THE late Lucian Freud had a four-word manifesto, URGENT SUBTLE CONCISE ROBUST, scrawled upon his studio wall, but most people’s impressions of him are less exact and combine a challenging stare, thickly painted, confronting nudes, and some vague gossip about how many children he may have fathered.

Not entirely the wrong impression, but not the whole picture, which as Barry Hill shows in this marvellous book, you won’t see unless you look.

Naked Clay is art history, autobiography, existential struggle, all woven through 60 years of Freud’s paintings from 1944 onwards. What does it mean to be naked, to look at, to be looked at, possessed? Can art justify the severity, or tenderness, of such a gaze? These are the questions Hill asks, as the paintings do.

Naked Clay is on one level a classically proportioned art book: a precise and perceptive examination of one man’s oeuvre. The fact that it is conducted entirely through poetry almost escapes notice, even when Hill is working small lyrical wonders on almost every page.

And yet there is only one painting to be seen, on the cover of the book: Girl with White Dog from 1950. ”The girl with the white dog/as still as the door closed behind her/is daydreaming of mice/in a drawer of socks.” Or is she? You can look at the image and decide – if you think it important.
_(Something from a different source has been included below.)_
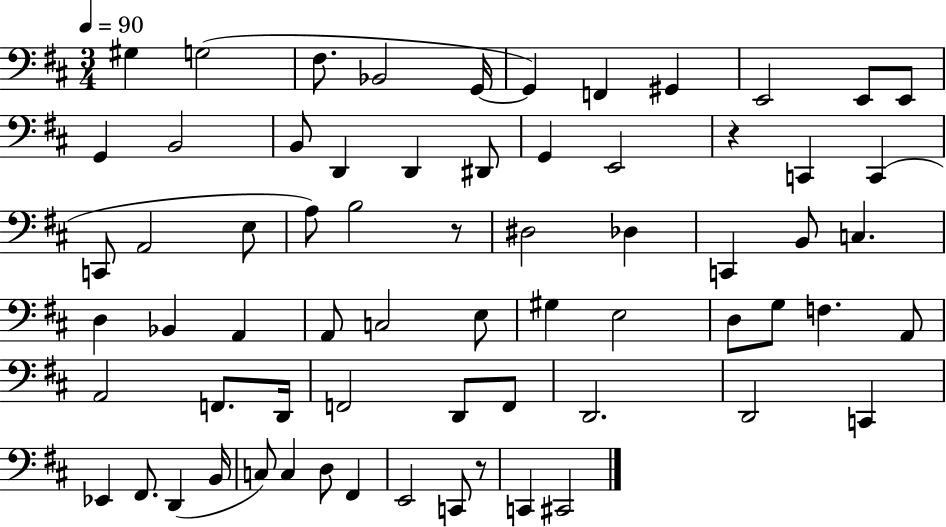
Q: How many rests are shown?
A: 3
Inside the book it’s all text: readers well acquainted with Freud’s work will read the poems in one way, as will those who choose to go and find the images for each poem on the way through. Reading the paintings as I did without seeing them, with only vague memories and a kind of texture in mind, the poems were nearly always enough.

But then there was Large Interior W9, with Freud’s ailing, depressed mother in a chair, a woman naked in bed behind her: ”If one has been quietly weeping/the other will not have seen./The lover has made a grandmother/of Mother, and Mother might not know./And there, under the chair/is a pestle and mortar/its weight like the spirit of a woman/set down after pounding.” Surely no painting could match that poem, but it did, even on a laptop.
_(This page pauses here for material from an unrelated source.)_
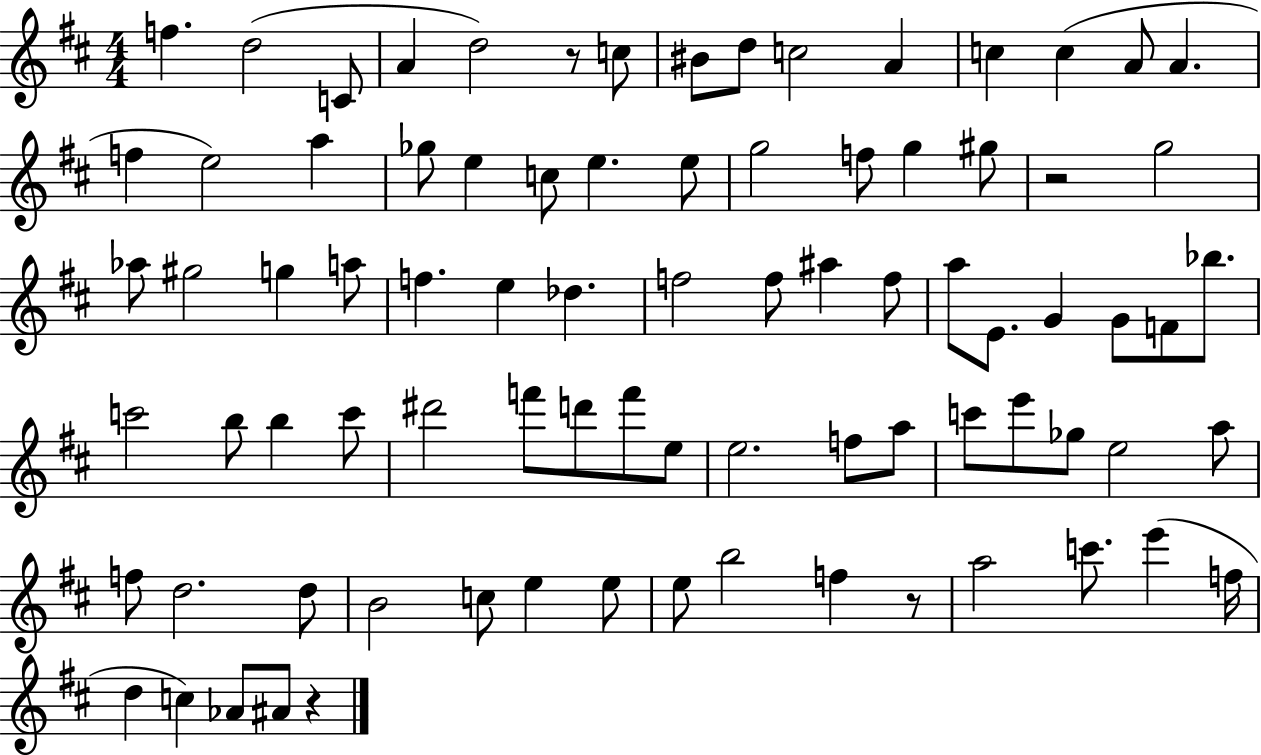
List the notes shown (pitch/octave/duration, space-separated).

F5/q. D5/h C4/e A4/q D5/h R/e C5/e BIS4/e D5/e C5/h A4/q C5/q C5/q A4/e A4/q. F5/q E5/h A5/q Gb5/e E5/q C5/e E5/q. E5/e G5/h F5/e G5/q G#5/e R/h G5/h Ab5/e G#5/h G5/q A5/e F5/q. E5/q Db5/q. F5/h F5/e A#5/q F5/e A5/e E4/e. G4/q G4/e F4/e Bb5/e. C6/h B5/e B5/q C6/e D#6/h F6/e D6/e F6/e E5/e E5/h. F5/e A5/e C6/e E6/e Gb5/e E5/h A5/e F5/e D5/h. D5/e B4/h C5/e E5/q E5/e E5/e B5/h F5/q R/e A5/h C6/e. E6/q F5/s D5/q C5/q Ab4/e A#4/e R/q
True, Hill says, a little later, with the long central poem In Sight of Death but remember those questions. Have you really thought them through? And he then does exactly that, allowing neither Freud, nor himself, nor us, to avoid the issue or displace it with mere aesthetics.
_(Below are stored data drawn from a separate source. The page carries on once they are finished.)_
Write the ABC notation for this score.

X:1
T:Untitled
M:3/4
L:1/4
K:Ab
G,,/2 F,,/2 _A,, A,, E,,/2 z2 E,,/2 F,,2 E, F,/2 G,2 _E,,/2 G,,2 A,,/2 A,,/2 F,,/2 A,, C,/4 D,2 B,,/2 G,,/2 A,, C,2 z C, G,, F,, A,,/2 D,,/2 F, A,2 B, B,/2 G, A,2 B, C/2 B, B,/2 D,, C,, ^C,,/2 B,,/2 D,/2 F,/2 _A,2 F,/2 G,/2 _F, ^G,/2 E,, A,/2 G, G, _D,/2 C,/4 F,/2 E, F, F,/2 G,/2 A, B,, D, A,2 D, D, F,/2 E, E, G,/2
Hill wrestles for 20 pages with the body, real and painted, with art and with poetry’s presumption to interrogate and explain it, and with his mortal self. There’s a kind of exhaustion at the end, and while the answers aren’t any closer, the parties somehow agree to differ.

After this the book relents, seems almost to sigh, ending with a tribute to the poet’s parents that is half mea culpa, half love song. After a long journey to London and back and through the years, the poetry settles, is somehow more accepting and resigned: ”the body becomes subject to fact/or settles into being/a constellation of resentment, grief, memories struck dumb … The best a poem can do/is keep scrubbing itself clean/withstand the furnace, refuse the insipid.”

Hill has honoured Freud’s scrawled manifesto to the letter in this urgent, subtle, concise and robust book.